When Small Business Owners Make Bad Decisions
This time we hear from Steve Martin, director at Chicago-based BKD Wealth Advisors. He tells us how a client once insisted his business would take care of his family if he ever died suddenly — as it turned out, the opposite was true.
Small business owners put great stock in their companies -- often for good reason. They pour their hearts and souls into their businesses and are justifiably proud of what they have created. As financial advisors, it is important we understand the emotions that come with business ownership – and that sometimes those emotions lead to bad decisions.
This lesson hit home for me when a client of mine, who owned a small business, insisted he did not need life insurance. He was certain his business would provide all the financial support his wife and children would need. He said that if he died unexpectedly, his wife could simply sell the business. Now when I say, “insisted,” I really mean that. He did not like to talk about the issue of life insurance at all. Even so, we tried to raise the subject on numerous occasions but to no avail. At some point you hope your message sticks, and so you keep trying. But I guess we ran out of time.
What made this situation worse was the client had never included his wife in any financial planning discussions. I had never even met her. The client gave the impression that his wife did not need to know about any details and that she wasn’t interested in the planning process in the first place.
Unfortunately, the client was wrong on both counts — his business was not valuable enough to cover his family’s needs, and his spouse should have been involved all along. The client died unexpectedly while shoveling snow. And it soon became obvious that his business – which was a service-based business and largely depended on his goodwill and client relationships – was not worth that much when he was out of the picture.
The sale of the business was a disappointment and left a big financial hole for the wife to fill.
My client’s wife was not left destitute but she could no longer afford their house and her children were still facing college. Making matters worse, she had not been in the workforce for years and had few career options. She was overwhelmed at first but she was strong. And we worked with her to set up a plan that would put her on a secure financial footing. Any plans for an early retirement were dashed, but at least she had control of her financial future.
This situation was a stark reminder for me of the need to strip away emotions when it comes to business ownership and look at the bottom line in a critical fashion.
Since this case took place, I have made it a point to have a direct talk with small business owners about the value of their company, and to have that talk early and often. No more waiting to tackle it later when a client insists on avoiding the topic, because as we learned we may never get another chance.

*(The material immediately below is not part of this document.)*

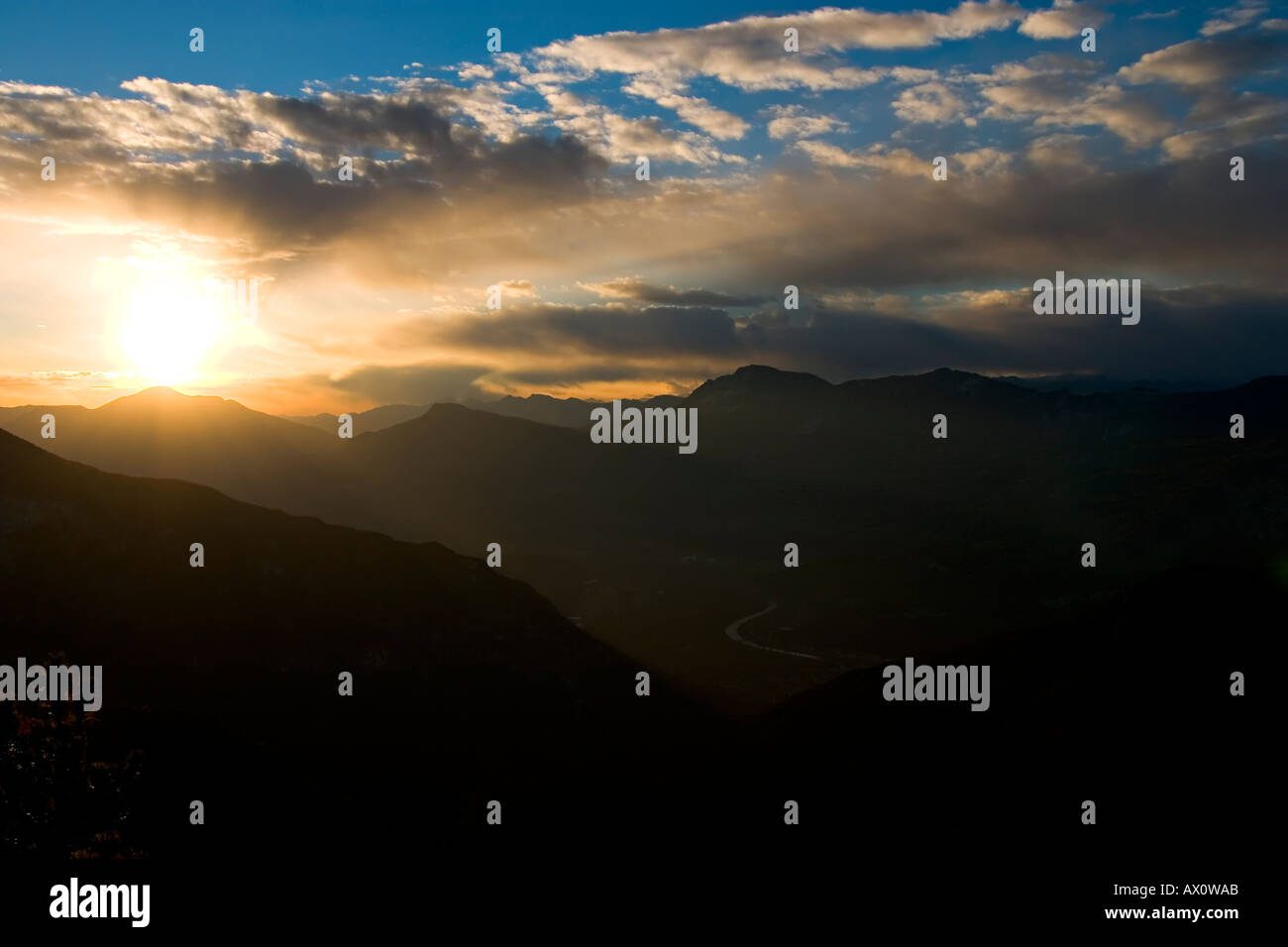 Panorama with mountains sun clouds and smooth blue sky Stock Photo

One thing I do is run a risk analysis that projects the value of the company under certain scenarios. These results are often powerful and can spur important, difficult discussions.
I’ve also found it important to talk about the true, mark-to-market value of the company; don’t let your clients merely hazard a guess about what their business is worth. We work with a lot of business owners and I’ve found they often feel their business is worth more than it is. If you suspect your client may be doing so, you can always suggest they get a third-party appraisal, which we’ve done in the past.
Many small business owners pour most of the money they earn back into their business. Owning a small business is an emotional proposition but emotions can lead to bad decisions – especially when it comes to financial planning. As advisors, our job is to protect clients from the negative consequences of those emotional decisions, even if it means protecting them from themselves.